Jeffrey concentrated on the screen, his right hand glued to the trackmarble. "Proton magnetometer's getting something, Captain. Field lines are bunching up."
"What's the range?" Wilson said.
"From the nearest mass concentration to our probe, four hundred yards."
"Get closer. Make it three."
Jeffrey tapped some keys, increasing the image intensification gain to a factor of 10, 000. Diffuse and point-source bioluminescence, blues and greens stirred up by the torpedo-shaped LMRS, gave him a fuzzy view for a few yards ahead of its nose-mounted charge-coupled eyes. Jeffrey gingerly piloted the probe up off the bottom, inching it closer to the enemy subs, using a dip in the ground for cover.
"Definitely ferrous hulls," he said a minute later, eyeing the magnetometer again.
"Take it to two hundred yards," Wilson said.
"Aye aye, sir," Jeffrey said. "I'll hang a left, see where that fissure goes."
"Sonar," Wilson almost whispered, "anything?"
"Slight flow noises from bottom currents, sir," Sessions said. "Nothing artificial."
"Okay," Wilson said, "they're meeting their hotel load off batteries or fuel cells, and cooling that reactor convectively or just letting it run hot." Jeffrey listened to the conversation as he gently moved the probe. "Ready now," he said.
"Pop up and take a look," Wilson said.
Jeffrey increased the CCD image gain once more, to 50,000 times. As the probe rose slowly, he saw the lip of the fissure moving down the screen.
"Whoa!!" Jeffrey ducked the probe back down, his heart pounding in his throat.
"What was that?" Wilson said.
"A bow dome, sir. Big." Jeffrey ran the replay. "Should we flood tube three?"
"Sonar," Wilson said, "any reaction?"
"Negative, sir," Sessions said. "No sign they know we're here."
"Should we flood tube three?"
"Negative," Wilson snapped. "They'll hear it. We have to back off first to fire anyway."
"Captain," COB interrupted, "that sub's not showing on the gravimeter at all."
"Or the probe's not where it should be," Jeffrey said. He checked his screens and enunciators. "Negative on a guidance flaw. Position overlay matches with dead reckoning." Again he brought the probe up. "Captain, look at this … a gigantic crack in the fiberglass."
The probe rose over the top of the enemy sonar dome. "It's just the cap," Jeffrey said. "There's nothing behind it." Wilson sputtered. "We found a goddamn wreck."
"A fresh one, sir," Jeffrey said. "No growths yet, and hardly any sea snow."
"All right," Wilson said. "Check out that middle contact now."
"Aye aye, sir," Jeffrey said. "I'll be careful — a wreck's the perfect spot to hide an ambush."

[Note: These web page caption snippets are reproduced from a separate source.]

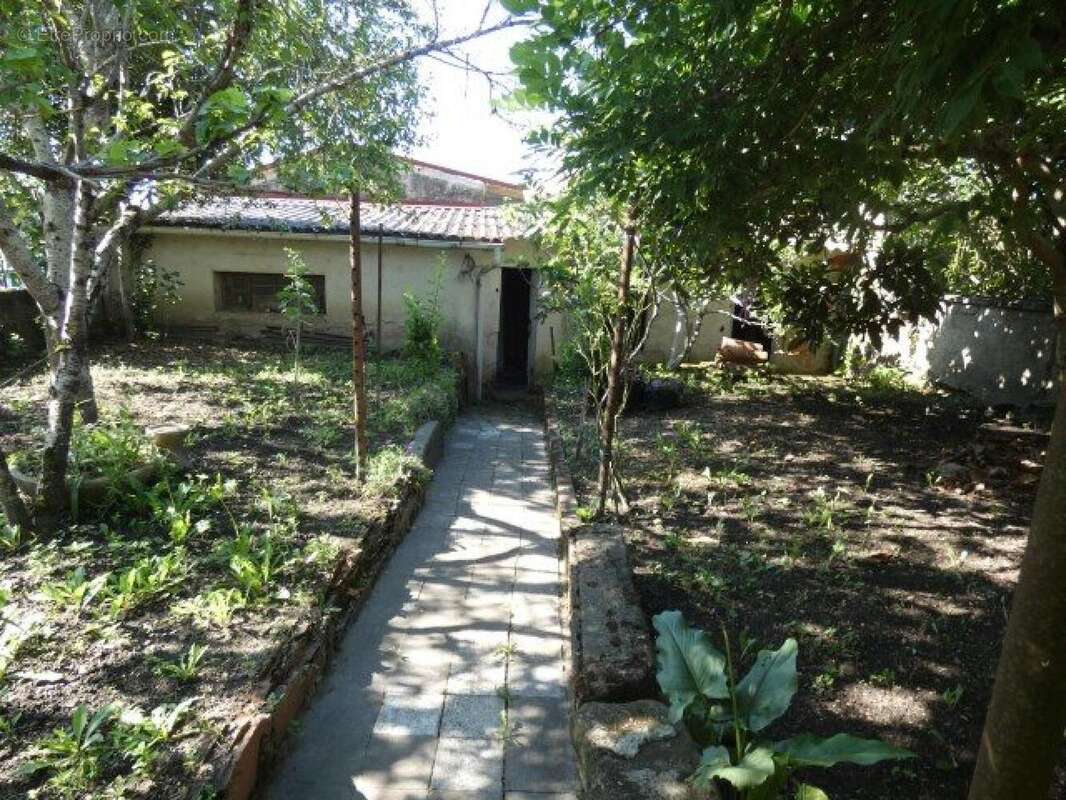 Photo 9 - Maison à CARMAUX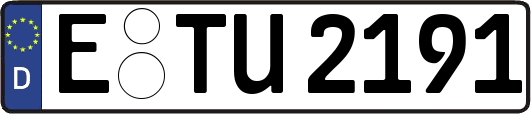E-TU2191
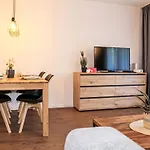 Allod Park Haus C 502 By Interhome Apartment Davos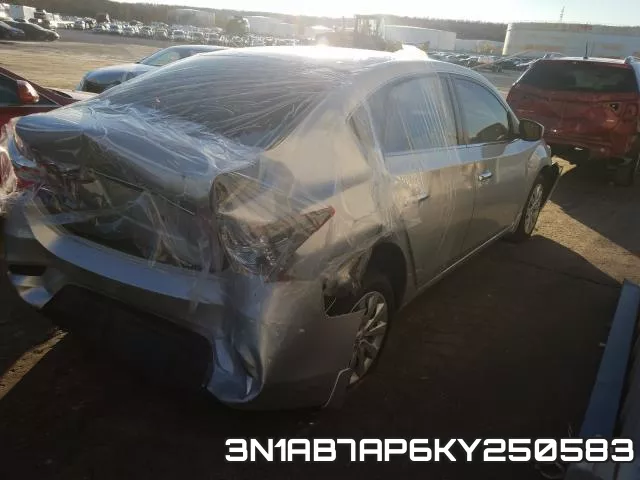 3N1AB7AP6KY250583 фото 5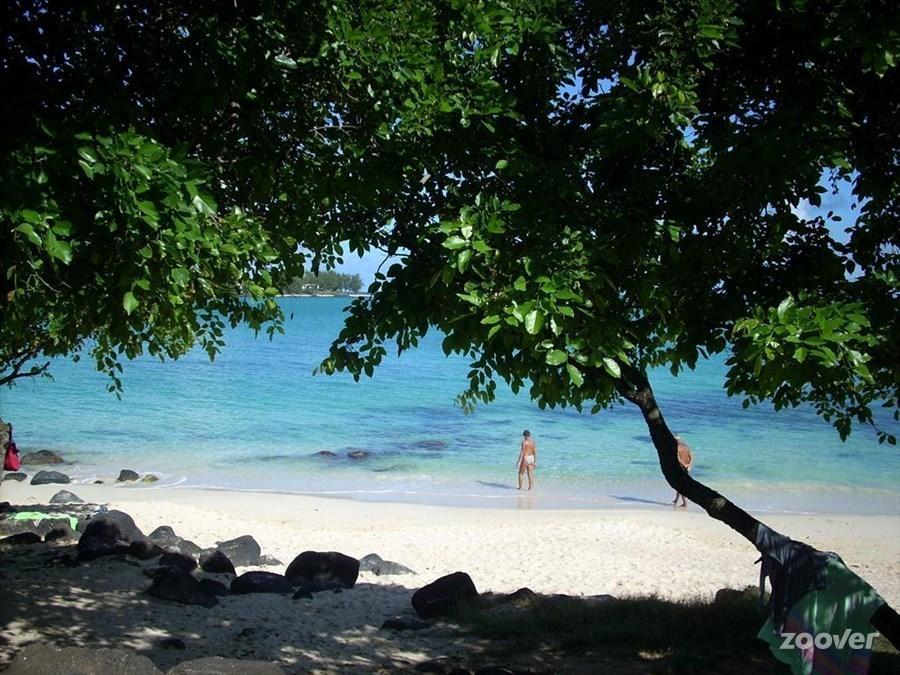 Christiane * Grand Baie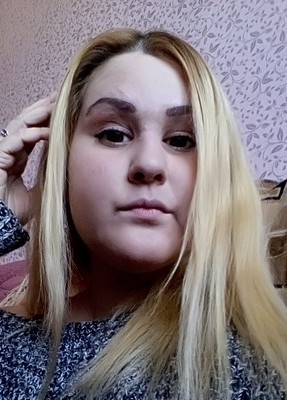 Мария, 23, Россия, Йошкар-Ола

"Sonar," Wilson said, "what's happening?"
"No change, Captain."
Jeffrey moved the probe. "Something here." The murky picture showed a twisted, fractured, splintered mass.
"That used to be the sail," Wilson said. "See? There's the mounting for the port-side fairwater plane … What's left of it."
"I'll go around," Jeffrey said. Suddenly ahead of the probe there loomed another mass, a huge one. "The reactor compartment," he said.
"Get closer," Wilson said. "Switch to active line scan. Lowest emitter power." The picture changed, no longer an eerie natural glow. Now it was much sharper, more detailed. Jeffrey could see tattered steel, wires, and cables waving in the current. He saw a small dogged hatch in the middle of a bulkhead, next to broken pipes.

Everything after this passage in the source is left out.